5 De-allocating a stack frame

Now that a new stack frame construction is complete, we can jump to the end and look at what happens once the function returns. How is the stack frame deallocated and popped off the stack.

Two instructions manage that process.

0x0804847b <+94>:	leave  
0x0804847c <+95>:	ret

First the leave instruction will do two things:

  1. mov esp,ebp : set the stack pointer to the base pointer, essential deallocating the local variables in the function
  2. pop ebp : after the move, the top of the stack is the saved base pointer, so by poping the value at the top of the stack into ebp, we are reseting the base pointer to the saved one.

Visually this would look like this:

                             leave                  leave
                             1. =mov esp,ebp=       2. pop ebp
     .-------------.          .-------------.      .-------------.   
     |    ...      |          |     ...     | ebp->|    ...      |
     |             |          |             |      |             |
     :             :          :             :      :             :
       calling                  calling               calling
     :   stack     :          :  stack      :      :  stack      :
     |   frame     |          |  frame      |      |  frame      |
     |             |          |             |      |
     |  func args  |          |  func args  |      |  func args  |
     |  retur val  |          |  return adr | esp->|  return adr |
ebp->|  saved ebp  | ebp,esp->| saved ebp   |      '-------------'
     |             |          '-------------'
     :             :
           New 
     :   stack     :
esp->|      Frame  |
     '-------------'

At this point the stack is almost back to its state prior to the function call. The last thing to do is to pop off the return value and set the instruction pointer (i.e., the current execution point) to the return value.

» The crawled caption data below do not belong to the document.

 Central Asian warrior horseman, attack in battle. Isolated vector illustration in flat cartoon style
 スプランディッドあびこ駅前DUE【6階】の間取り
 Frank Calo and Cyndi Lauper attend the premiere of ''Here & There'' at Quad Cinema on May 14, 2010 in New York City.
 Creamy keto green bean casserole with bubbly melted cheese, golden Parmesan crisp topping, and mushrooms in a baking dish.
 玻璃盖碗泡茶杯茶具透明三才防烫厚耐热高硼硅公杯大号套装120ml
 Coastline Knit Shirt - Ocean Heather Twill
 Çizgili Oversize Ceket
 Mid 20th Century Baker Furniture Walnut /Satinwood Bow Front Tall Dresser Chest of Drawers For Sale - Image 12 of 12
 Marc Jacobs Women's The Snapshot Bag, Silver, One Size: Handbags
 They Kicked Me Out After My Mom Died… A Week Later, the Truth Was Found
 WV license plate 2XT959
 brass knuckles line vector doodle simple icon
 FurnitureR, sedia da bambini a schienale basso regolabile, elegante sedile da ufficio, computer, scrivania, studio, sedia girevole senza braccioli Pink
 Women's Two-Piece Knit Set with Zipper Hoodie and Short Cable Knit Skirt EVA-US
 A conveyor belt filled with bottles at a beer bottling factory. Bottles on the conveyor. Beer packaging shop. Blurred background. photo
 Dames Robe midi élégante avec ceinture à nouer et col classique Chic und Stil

Conceptually, we can see that ret does both those in two steps:

  1. pop eip : pop the return value and set it to the instruction pointer
  2. jmp eip : move execution to the instruction pointer

In reality, these procedures happen at the same time, but it's good to think of them as separate steps.

                             ret                  ret 
                            1. pop eip          2. jmp eip
      .-------------.      .-------------.     
ebp-> |    ...      | ebp->|      ...    |        Execution
      :             :      :             :        returns to calling 
         calling            calling               function after the call
      :  stack      :      : stack       :        with stack frame reset
      |  frame      |      | frame       |
      |             |      |             |
      |  func args  | esp->| func args   |
esp-> | return adr  |      '-------------'
      '-------------'